Poster
Poster (source: OReilly).

How do I find documents similar to a particular document?

We will use a library in Python called gensim.

import gensim
print(dir(gensim))

Let's create some documents.

raw_documents = ["I'm taking the show on the road.",
                 "My socks are a force multiplier.",
             "I am the barber who cuts everyone's hair who doesn't cut their own.",
             "Legend has it that the mind is a mad monkey.",
            "I make my own fun."]
print("Number of documents:",len(raw_documents))

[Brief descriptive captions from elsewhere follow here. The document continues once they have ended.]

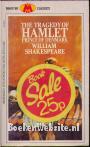 The Tragedy of Hamlet, Prince of Denmark
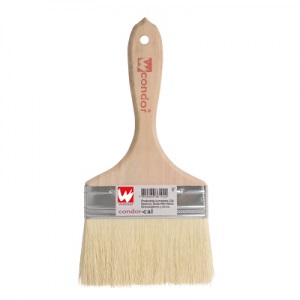 BROCHA CAL 5 CONDOR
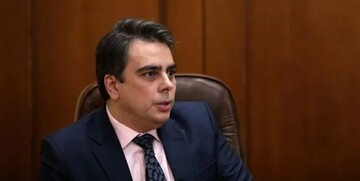 بلغارستان تهدید کرد؛ تحریم نفتی روسیه را وتو می‌کنیم
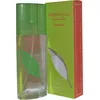 Image de Elizabeth Arden Green Tea Summer Eau De Toilette Spray 100ml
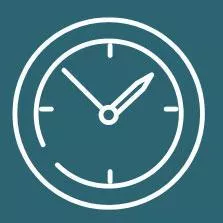 Soutien à domicile selon vos besoins Soutien à domicile selon vos besoins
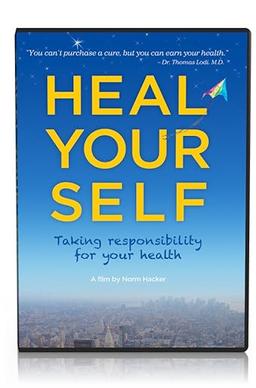 Heal Your Self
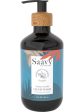 Saavy Naturals, Hand Wash, Tahitian Vanilla, 12 fl oz For Discount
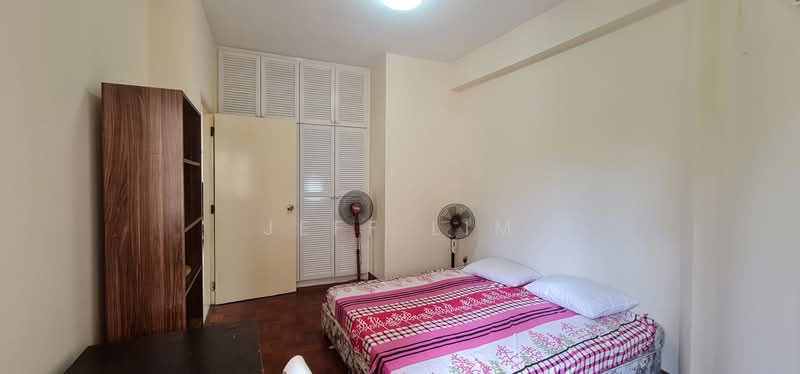 Bayshore Park, 52 Bayshore Road, 2 Bedrooms, 936 sqft, Condominium For Rent, by Jeff Lim, 24579570 - PropertyGuru.com.sg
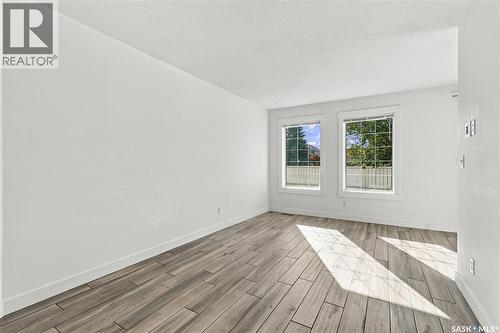 23 110 Keevil Crescent, Saskatoon, SK 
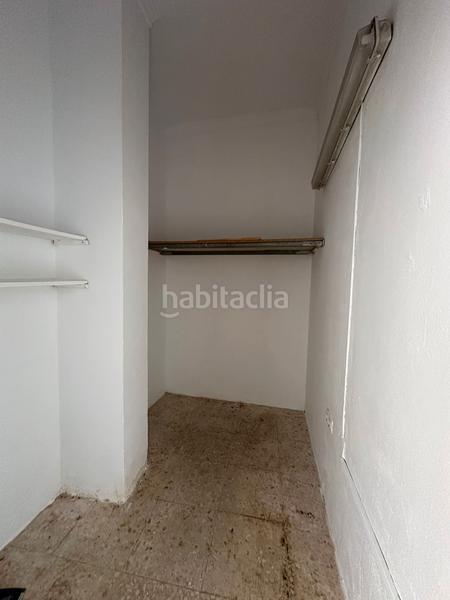 Foto 7024a4c4-58e1-42be-80a6-0efbd964b2d0. Affitto locale commerciale in Tarifa ciudad Tarifa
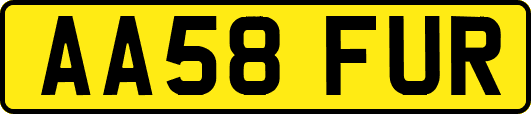 AA58FUR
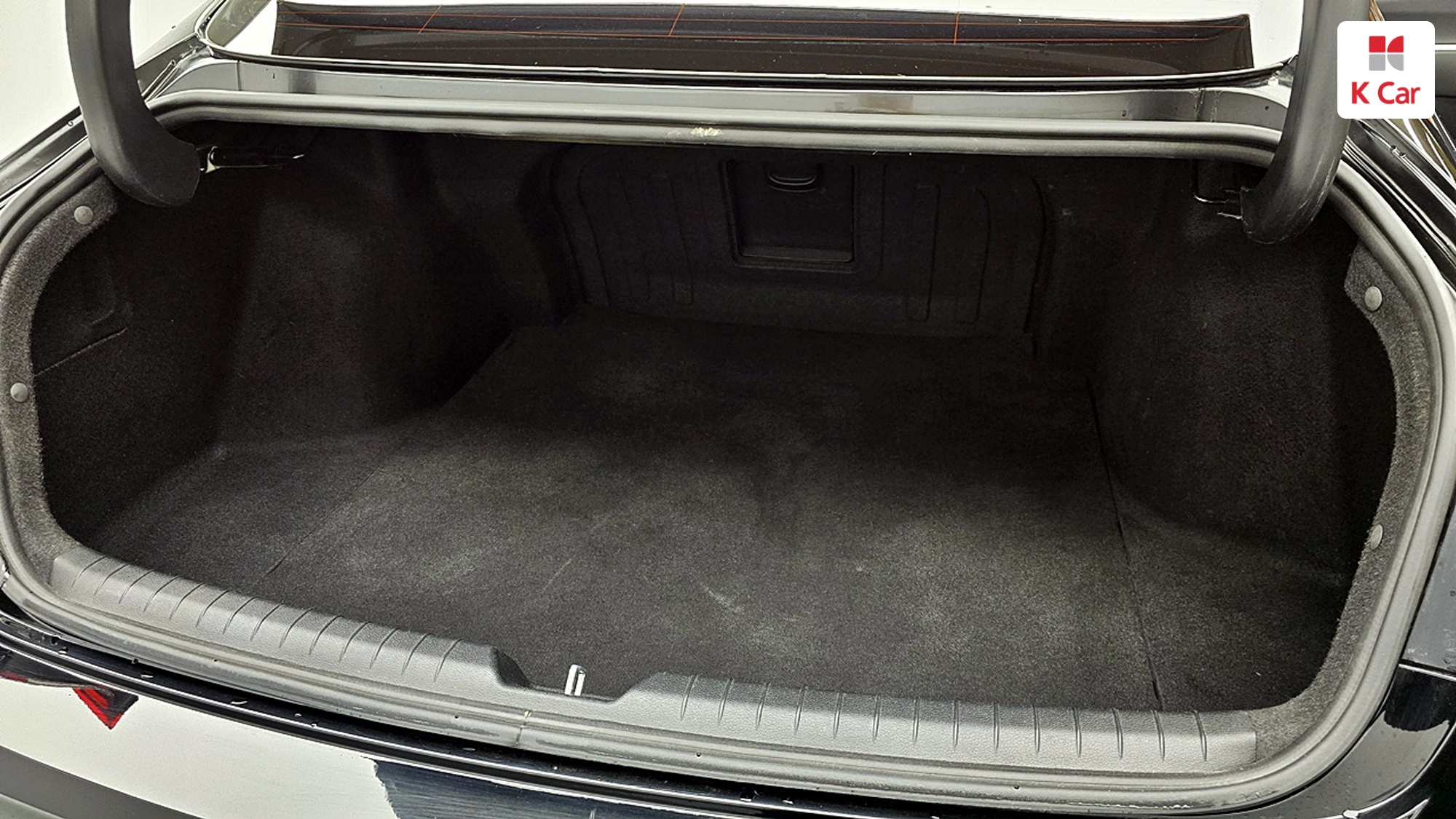 Hyundai Sonata Premium, миниатюра 12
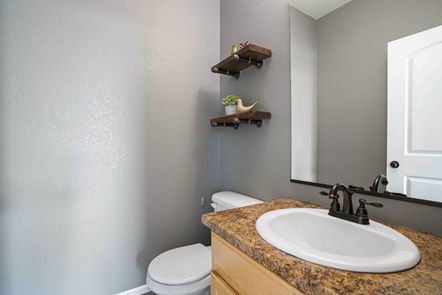 3532 Lissa_DSC02689-2_web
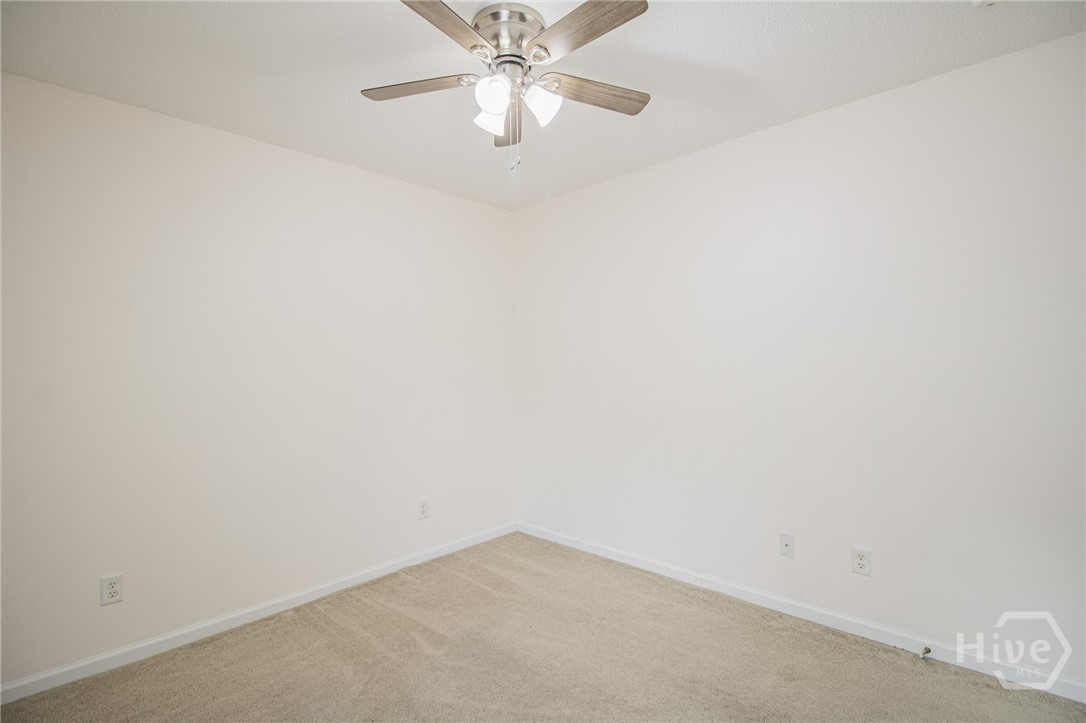 152 Fire Thorn Lane Pooler, GA 31322 - Photo 46 of 71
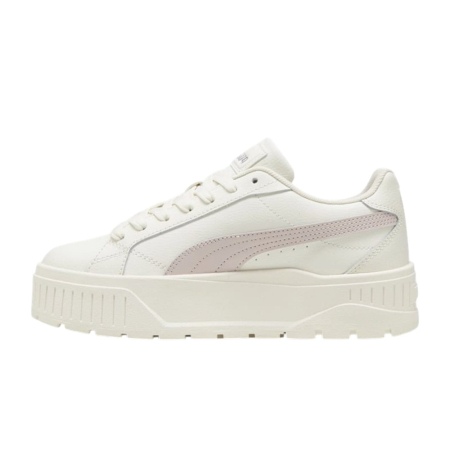 PUMA Karmen II Jr - 398878-03 [1]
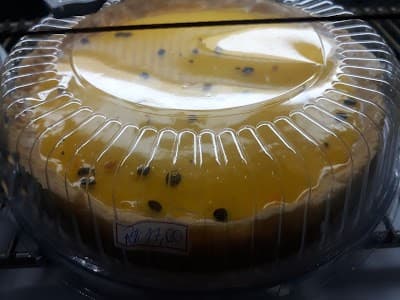 Padaria e Lanchonete Duvimon - Foto 4
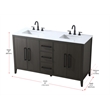 Elegant Kitchen And Bath 60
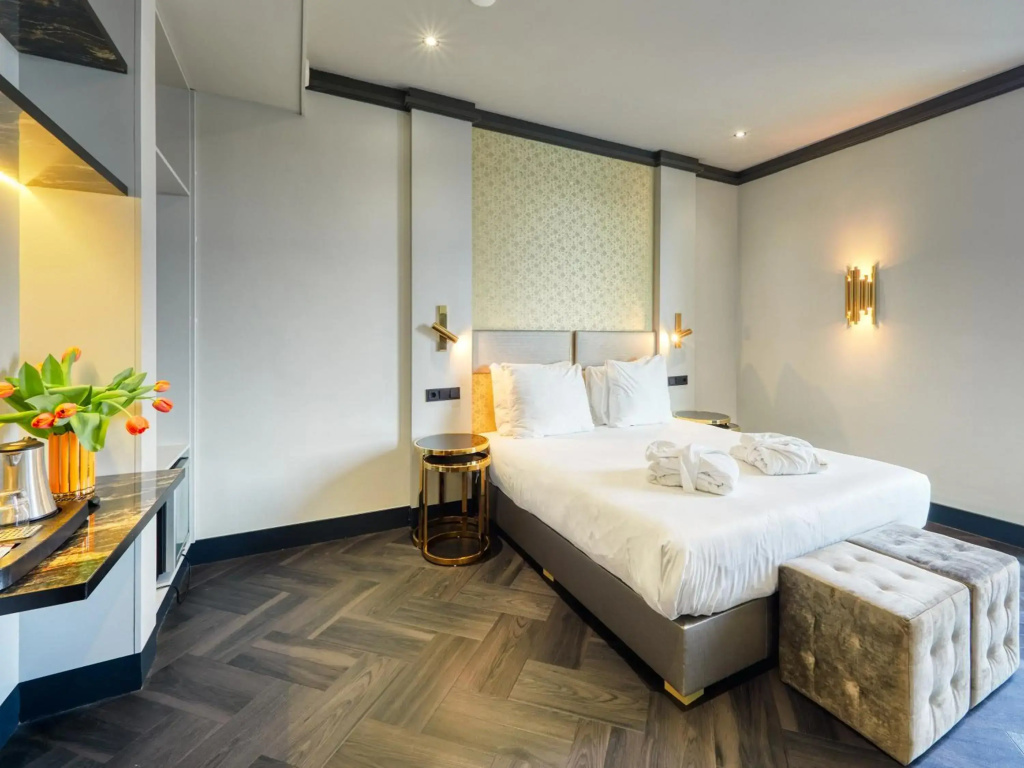 Hotel photo 25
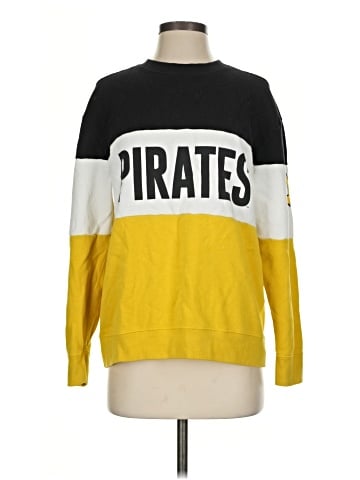 Tailgate Clothing Co. Sweatshirt (view 1)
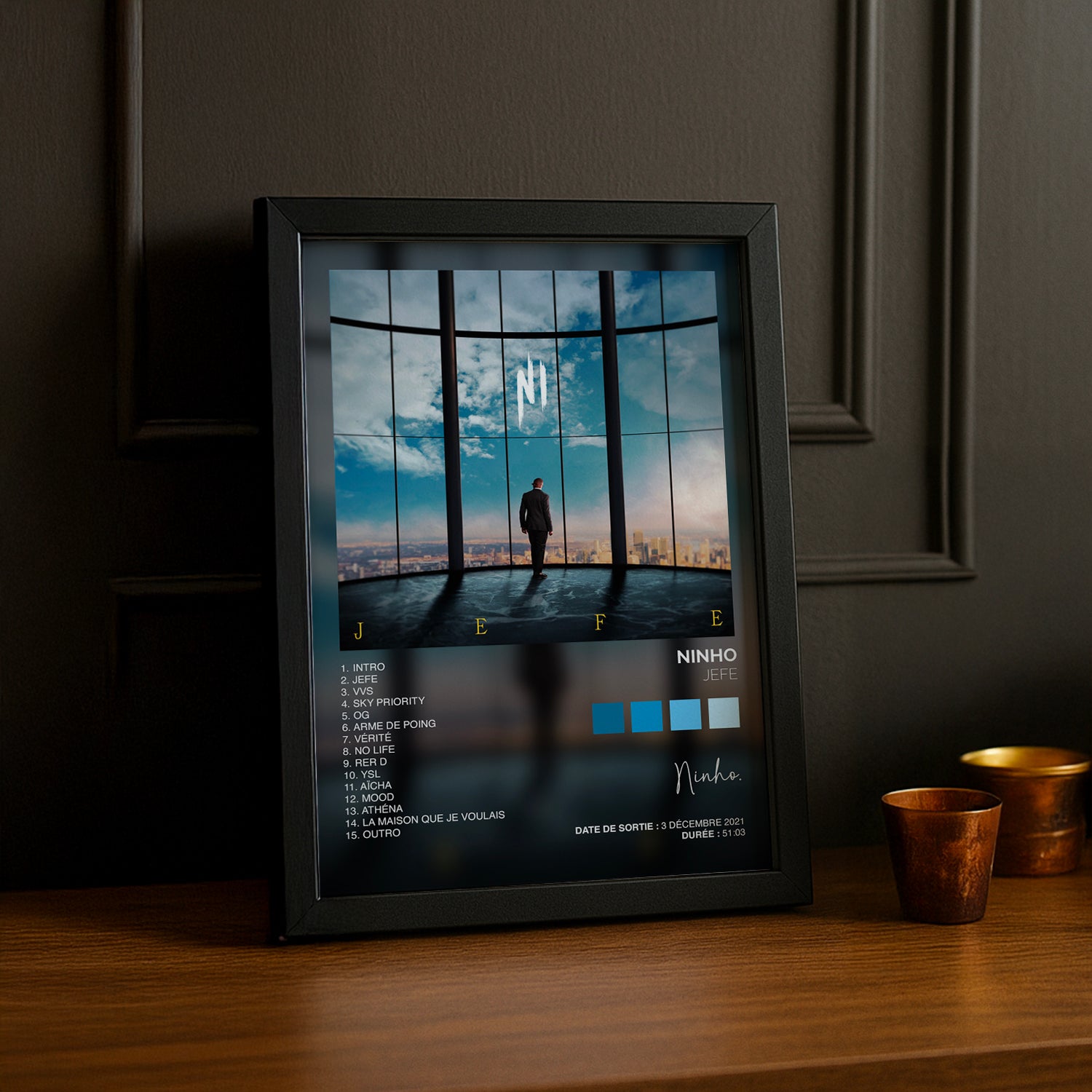 Selected Variant Image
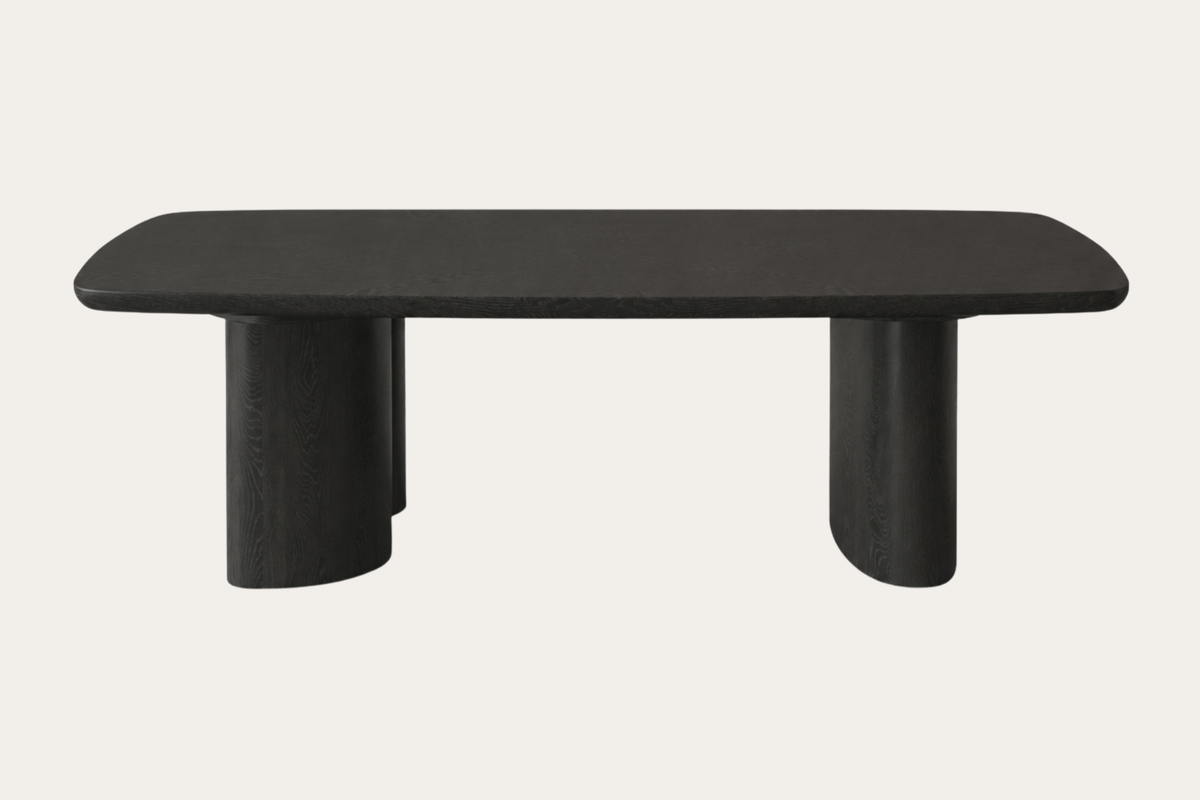 SAVENO 51" Coffee Table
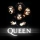 Queen - Discografia / Discography (+Videos) (+LP) (iTunes Plus M4A + M4V)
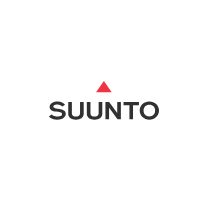 Suunto AU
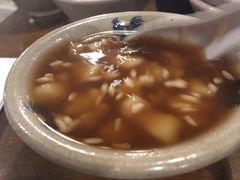 -白乐天毛肚火锅馆(南滨路店)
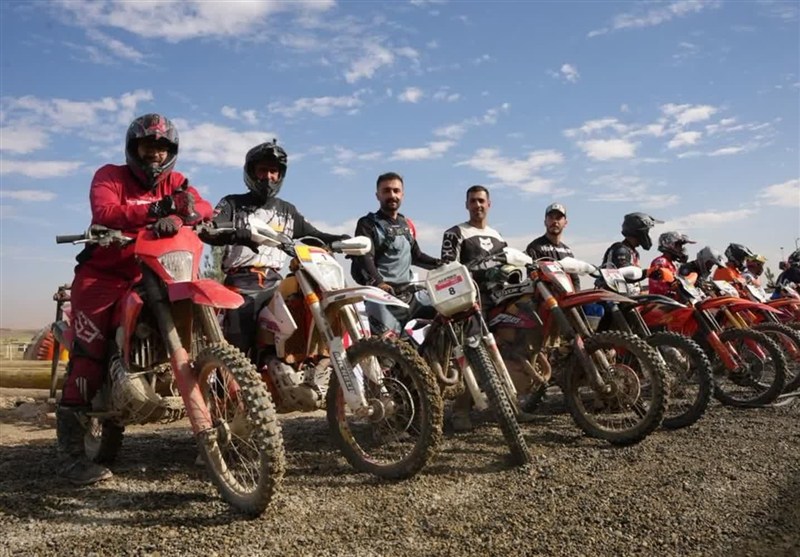 اخبار استان همدان , گواهینامه موتورسیکلت , موتور سواری , 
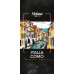 SkimaCoffee 1kg ITALIA COMO BLEND Świeżo Palona do ekspresu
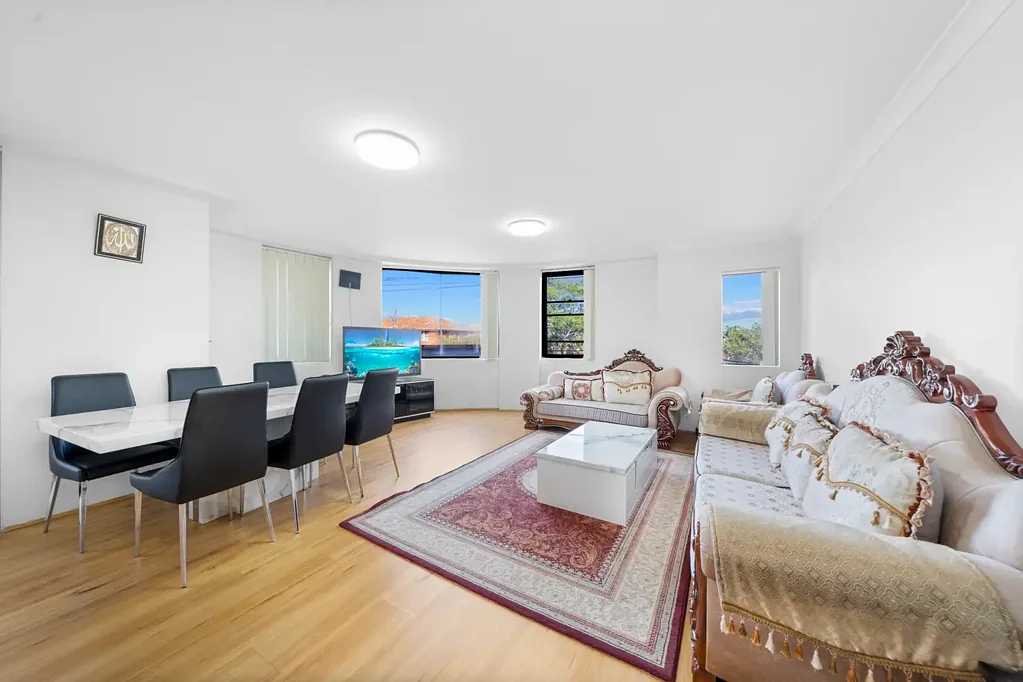1/299 Lakemba Street, Wiley Park, NSW 2195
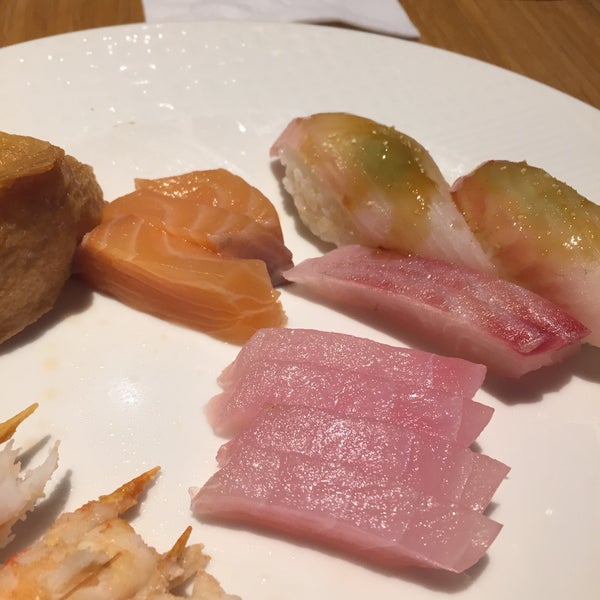 Photos At 昇恆昌金湖大飯店 金門縣金湖鎮太湖路二段218號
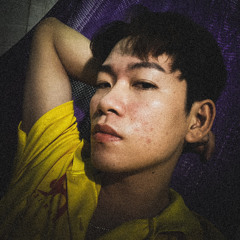 Trao duyên lofi speed song (320 kbps).mp3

We will use NLTK to tokenize.

A document will now be a list of tokens.

from nltk.tokenize import word_tokenize
gen_docs = [[w.lower() for w in word_tokenize(text)] 
            for text in raw_documents]
print(gen_docs)

We will create a dictionary from a list of documents. A dictionary maps every word to a number.

dictionary = gensim.corpora.Dictionary(gen_docs)
print(dictionary[5])
print(dictionary.token2id['road'])
print("Number of words in dictionary:",len(dictionary))
for i in range(len(dictionary)):
    print(i, dictionary[i])

Now we will create a corpus. A corpus is a list of bags of words. A bag-of-words representation for a document just lists the number of times each word occurs in the document.

corpus = [dictionary.doc2bow(gen_doc) for gen_doc in gen_docs]
print(corpus)

Now we create a tf-idf model from the corpus. Note that num_nnz is the number of tokens.

tf_idf = gensim.models.TfidfModel(corpus)
print(tf_idf)
s = 0
for i in corpus:
    s += len(i)
print(s)

Now we will create a similarity measure object in tf-idf space.

tf-idf stands for term frequency-inverse document frequency. Term frequency is how often the word shows up in the document and inverse document fequency scales the value by how rare the word is in the corpus.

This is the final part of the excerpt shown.